Palin’s Ghostwriter Probably Regrets Sending Twitter Direct Messages To Stranger

You probably don’t know Rebecca Mansour by name, but there’s a good chance you’re familiar with her work. She is, after all, Sarah Palin’s ghostwriter, having penned the former Alaska governor’s autobiography, Going Rogue, in addition to being the person who actually writes her speeches and prolific Facebook missives for her.

But you have to wonder how much longer Mansour will be under the employ of the notoriously difficult Sarah Palin after the Daily Caller published a series of Twitter direct messages Mansour sent to an internet stranger I can only assume she had a crush on and was looking to impress or something, blasting all sorts of people, including her boss’ daughter, Bristol.

Reports the Daily Caller:

But by far the most incendiary messages are about Palin’s daughter Bristol. Sent in the aftermath of Bristol announcing to Us Weekly she was planning to marry Levi Johnston, Mansour wrote, “I wish they were the Cleavers too. But it’s life.”
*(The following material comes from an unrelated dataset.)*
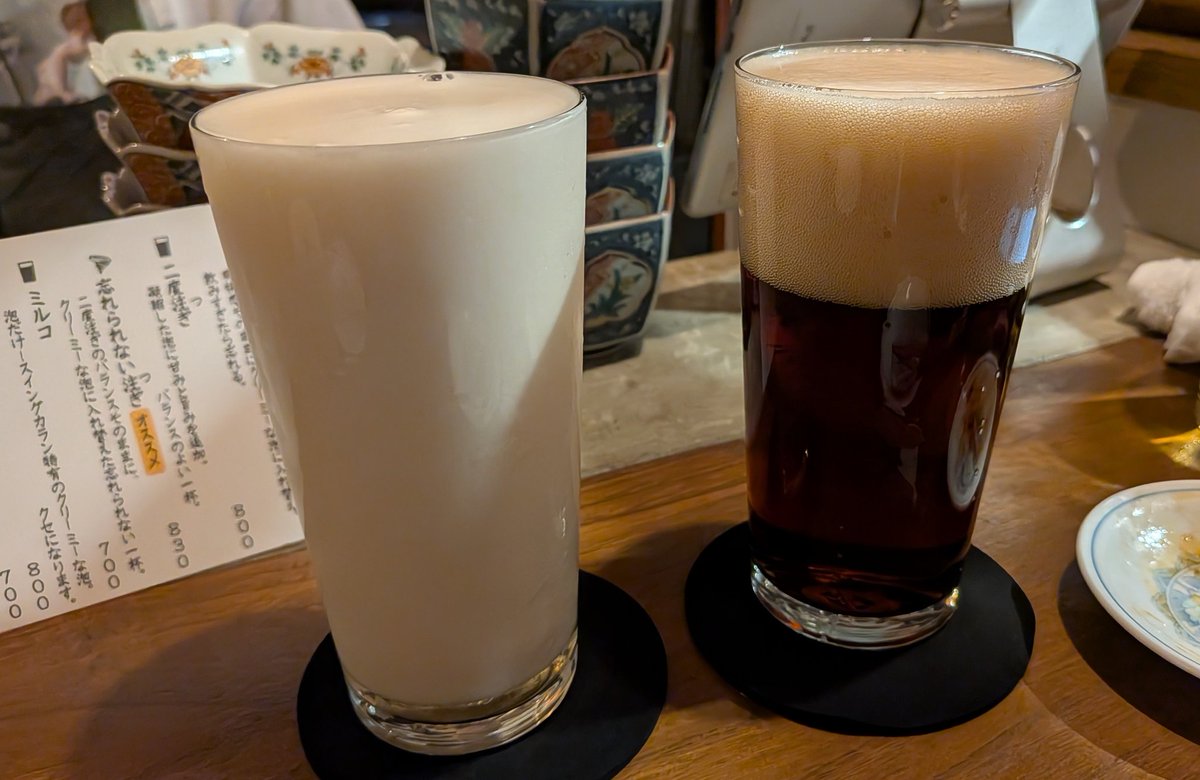 Bn0zHGFbVs2DOMT's tweet photo. #誕生日祝い
昨日は私の誕生日祝いで外飲み。黒ラベルをいろいろな飲み方ができるお店に行ってきました。同じ感じの２つは、左が一度注ぎ、右が二度注ぎ、泡いっぱいなのはミルコと言うそうです。黒ビールにサッポロビールの泡を乗せたサンライズ注ぎは、ライトで照らすと境界線が美しい🍻 https://t.co/GDWNkxvhd3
“Two words: Patti Davis. Okay three more: Ron Reagan Junior. Two more: Billy Carter. Doesn’t your family have one?” Mansour said.
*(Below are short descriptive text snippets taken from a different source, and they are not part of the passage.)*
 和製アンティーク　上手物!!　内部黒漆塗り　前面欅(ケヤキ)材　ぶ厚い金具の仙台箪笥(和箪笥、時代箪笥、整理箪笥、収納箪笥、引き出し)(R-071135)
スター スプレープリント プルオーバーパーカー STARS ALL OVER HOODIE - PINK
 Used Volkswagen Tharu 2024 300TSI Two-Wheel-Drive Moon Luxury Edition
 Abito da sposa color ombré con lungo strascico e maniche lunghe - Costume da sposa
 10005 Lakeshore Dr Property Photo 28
“She will hold her at arm’s length. Even Thatcher was never able to disown her screw up son Mark. It’s a Mom thing,” Mansour wrote.

Other messages, including several TheDC has chosen not to publish, reveal details about the internal dynamics of the Palin family and Mansour asking the activist whether he knew “anyone upstanding? I’m serious?” who could replace Johnston as a suitable suitor for Bristol. But Mansour did add she was “impressed” by how much Bristol Palin loved her son.

Politco’s Ben Smith said today that someone approached him months ago trying to sell the messages, but the website passed on them. The Daily Caller, however, denies that they paid for the DMs.

For her part, Mansour initially lied about having written the DMs when first confronted by the Daily Caller, only to sheepishly admit her mistakes when confronted with evidence proving otherwise.

When originally contacted by TheDC about the messages, Mansour lied and said none of them were from her. Mansour said she had already encountered the messages and accurately recalled the Twitter handle for their source.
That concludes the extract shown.